The Canadian Museum of Flight (CMF), BC’s only flying aviation museum, played a major role in this relay. The Museum’s Harvard flew from Comox to Victoria and the Tiger Moth, from Victoria to Langley. This story unfolds as the CMF’s 1937 Waco and crew took their turn at being a part of history and continuing the relay, with the mail bag in hand, to Nanton, AB.
For the Waco crew (Bill Findlay, Dave Beales and Doug Moan) – the big day finally arrived! May 27, 2009, was planned as day one of “Bill’s, Dave’s and Doug’s Excellent Aviation Adventure.” The CMF’s big red and white 1937 Waco Cabin (CF-CCW) gleamed in the sunshine and seemed as eager as the three crew members to get the show on the road. Many hours had been spent on the Waco during the winter months in order that this beautiful aircraft continue its airworthy status and be ready for the flight. An overhaul of the brake system was a major improvement in the ground handling of the aircraft. The maintenance crew had done a great job of preparing the Waco for what was to be the longest flight legs and the farthest from home that she had flown in many years.
L. to R. at Langley. Crew members for the flight: Doug Moan - maintenance, Vic Bentley - Harvard, and Dave Beales and Bill Findlay - Waco pilots.
A good crowd of family, friends and supporters was on hand at the Langley based Museum to wish the crew all the best on their journey to points east. The ever-faithful Jacobs 330 HP radial engine roared to life and we taxied away from the crowd to prepare for our maximum weight takeoff from runway 19 at Langley. Partly cloudy skies let the sun shine through to beckon the flight onward and upward toward the Coast Mountains of southern BC. A great sense of excitement filled the Waco’s cabin as we sped down the runway and slowly climbed away from the airport. Bill kept the aircraft close to the airport initially in order to return for the traditional departure flyby to bid farewell to the onlookers below. Dirty work, but somebody has to do it!
The Museum’s Tiger Moth (George Serviss) and SE5a (Gil Fanslau) had departed Langley a short while before the Waco and were positioned near Mission to provide escort as we headed east towards Chilliwack and Hope. A Globe Swift (John Northey) was also on hand to come along side for a final flight inspection. Vic Bentley, and his beautiful Harvard 4, was also there. Vic was very happy to provide escort for the Waco crew for most of the journey to Alberta and back.

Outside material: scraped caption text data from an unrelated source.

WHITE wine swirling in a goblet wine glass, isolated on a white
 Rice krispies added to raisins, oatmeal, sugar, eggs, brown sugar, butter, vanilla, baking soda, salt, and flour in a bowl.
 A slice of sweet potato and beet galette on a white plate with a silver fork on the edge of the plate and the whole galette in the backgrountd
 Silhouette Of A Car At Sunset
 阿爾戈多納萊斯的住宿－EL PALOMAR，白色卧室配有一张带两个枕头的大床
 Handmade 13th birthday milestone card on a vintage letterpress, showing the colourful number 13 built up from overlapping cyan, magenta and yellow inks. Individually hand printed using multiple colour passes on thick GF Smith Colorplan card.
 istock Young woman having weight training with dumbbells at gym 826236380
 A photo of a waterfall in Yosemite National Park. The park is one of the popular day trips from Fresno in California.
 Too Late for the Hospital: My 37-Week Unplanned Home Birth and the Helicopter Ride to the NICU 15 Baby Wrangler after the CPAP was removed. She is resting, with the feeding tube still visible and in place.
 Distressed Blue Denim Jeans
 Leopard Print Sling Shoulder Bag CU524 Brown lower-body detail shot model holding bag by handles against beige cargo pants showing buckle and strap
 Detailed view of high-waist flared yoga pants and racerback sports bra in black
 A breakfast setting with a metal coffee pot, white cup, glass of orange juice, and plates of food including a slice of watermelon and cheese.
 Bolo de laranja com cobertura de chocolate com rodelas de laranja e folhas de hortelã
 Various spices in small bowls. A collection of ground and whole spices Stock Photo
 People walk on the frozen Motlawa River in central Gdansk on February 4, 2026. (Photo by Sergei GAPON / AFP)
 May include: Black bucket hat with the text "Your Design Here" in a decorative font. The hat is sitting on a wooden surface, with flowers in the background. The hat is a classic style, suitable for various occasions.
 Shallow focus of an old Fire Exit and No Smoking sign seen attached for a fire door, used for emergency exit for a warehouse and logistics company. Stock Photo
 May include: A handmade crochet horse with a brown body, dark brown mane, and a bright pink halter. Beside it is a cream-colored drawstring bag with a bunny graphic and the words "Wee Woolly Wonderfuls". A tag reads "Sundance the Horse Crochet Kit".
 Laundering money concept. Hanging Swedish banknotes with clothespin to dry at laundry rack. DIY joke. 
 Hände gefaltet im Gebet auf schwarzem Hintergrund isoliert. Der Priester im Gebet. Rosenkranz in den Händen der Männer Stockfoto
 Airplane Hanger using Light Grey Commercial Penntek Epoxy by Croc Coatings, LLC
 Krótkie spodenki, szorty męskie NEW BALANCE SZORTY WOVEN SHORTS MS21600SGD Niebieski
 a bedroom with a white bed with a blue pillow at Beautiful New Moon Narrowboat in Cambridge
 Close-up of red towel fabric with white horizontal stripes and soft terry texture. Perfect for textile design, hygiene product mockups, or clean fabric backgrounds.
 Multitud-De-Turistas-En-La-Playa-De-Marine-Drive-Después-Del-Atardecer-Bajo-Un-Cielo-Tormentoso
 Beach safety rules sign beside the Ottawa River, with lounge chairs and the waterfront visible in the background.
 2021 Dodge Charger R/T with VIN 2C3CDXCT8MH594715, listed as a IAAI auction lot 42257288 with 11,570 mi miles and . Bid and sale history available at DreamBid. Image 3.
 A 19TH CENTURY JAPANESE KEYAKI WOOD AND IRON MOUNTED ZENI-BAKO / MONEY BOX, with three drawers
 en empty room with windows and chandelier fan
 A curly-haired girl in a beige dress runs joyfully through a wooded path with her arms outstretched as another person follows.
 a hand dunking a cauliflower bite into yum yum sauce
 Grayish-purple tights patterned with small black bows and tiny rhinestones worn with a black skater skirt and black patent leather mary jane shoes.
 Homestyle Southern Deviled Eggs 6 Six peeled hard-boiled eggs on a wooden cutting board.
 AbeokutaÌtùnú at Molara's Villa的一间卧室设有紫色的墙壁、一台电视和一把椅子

The Waco aircraft performed flawlessly as we crossed the majestic Coast Mountains and followed Highway 3 to our first stopover – Penticton. We circled Bill’s parent’s home in Kaleden as a signal that we had arrived in the Okanagan. They showed up at the airport shortly after with a vehicle that the crew could use for their overnight stop at Bill’s cabin on the shore of Skaha Lake. Doug’s “low level refreshment light” was on by this time and the barbeque meal and refreshments were eagerly consumed as plans were made for day two’s flight operation.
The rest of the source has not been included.